But Gladwell discusses these as skills in a way that assumes some got ‘em and some don’t and probably won’t ever or won’t get ‘em fast enough. Aren’t these also functions of class size? Doesn’t this analysis amount to stating that the key teacher skill is the ability to make a large class feel like a small class? To make teaching feel more like tutoring?

And isn’t Gladwell’s logic analogous to Hanushek’s but with more ethical criteria? Both basically argue, “Let’s assume we won’t get smaller classes. That means we need teachers (seen as a static set of skills) with more inborn skills to make education improve.” Neither acknowledges that smaller classes would logically make it more likely that those who lack key skills initially would acquire them in the first couple years. Made not born. Not only because the classroom disorder stakes are lower and teachers are less likely to resort to counterproductive control strategies, but also that they’re simply less likely to leave the profession before they get good.
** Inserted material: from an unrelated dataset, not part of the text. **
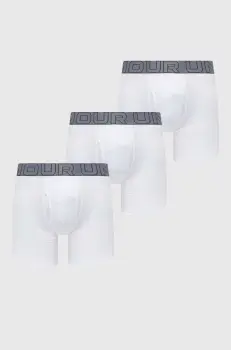 Under Armour boxeri 3-pack barbati, culoarea alb imagine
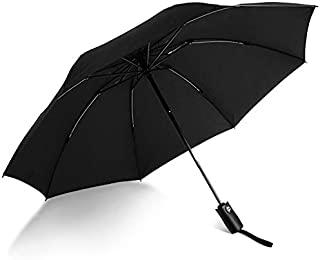 VATI Umbrella, Travel Umbrella Windproof with 210T Teflon Coating, Compact Folding Umbrellas with Ergonomic Handle, Auto Open/Close (Black)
This poor logic suffers from the problem of ignoring the passage of time, ignoring the fact that teachers usually start weak and end strong. It sees things synchronically rather than diachronically. Those getting the worst test scores are often taught by those with the least experience. So we’re not in the easier-to-solve situation where some students are simply stuck with a teacher who will never be good, but that teachers who are (or have become) good have the bargaining power to switch to schools (or assignments within the same school) where the students are easier to teach anyway. Plus those students are generally whiter and richer, more like the average teacher culturally. Good teachers do not magically escape the classism and White Supremacy that permeate our society.

Suppose that Mrs. Brown and Mr. Smith both teach a classroom of third graders who score at the fiftieth percentile on math and reading tests on the first day of school, in September. When the students are retested, in June, Mrs. Brown’s class scores at the seventieth percentile, while Mr. Smith’s students have fallen to the fortieth percentile.

This artificial setup suggests a false problem in education: that poor teaching is doing a disservice to otherwise similar, interchangeable kids, doing the average kid wrong. This is a reiteration of the assertion that the average is too low, that raising the average will get us something that isn’t merely symbolic. It is not focused on equity or child rearing (the goals I argue for in my previous post).

This is the tyranny of the average, the fantasy encapsulated by Garrison Keilor’s refrain about his fictitious hometown of Lake Wobegon, “where all the children are above average.” Hanushek is at least honest about thinking in terms of percentiles and averages. He wants to raise the average quality of teachers by measuring them against a standard and kicking out those below the average.

It’s criterion-referenced testing (versus norm-referenced) that is dishonest about subscribing to the Lake Wobegon fantasy. How are we to imagine the criterion of a high-stakes test or “grade-level proficiency” are arrived at? A criterion is clearly constructed rather than given by divine revelation. And who will disagree that it isn’t ultimately based on the average of what current students can do that’s easily and cheaply measured en masse? A criterion is the average we wish everyone could be above. It is usually set a bit below the average, of course, so that the fantasy of having everyone meet it is a tad less farcical.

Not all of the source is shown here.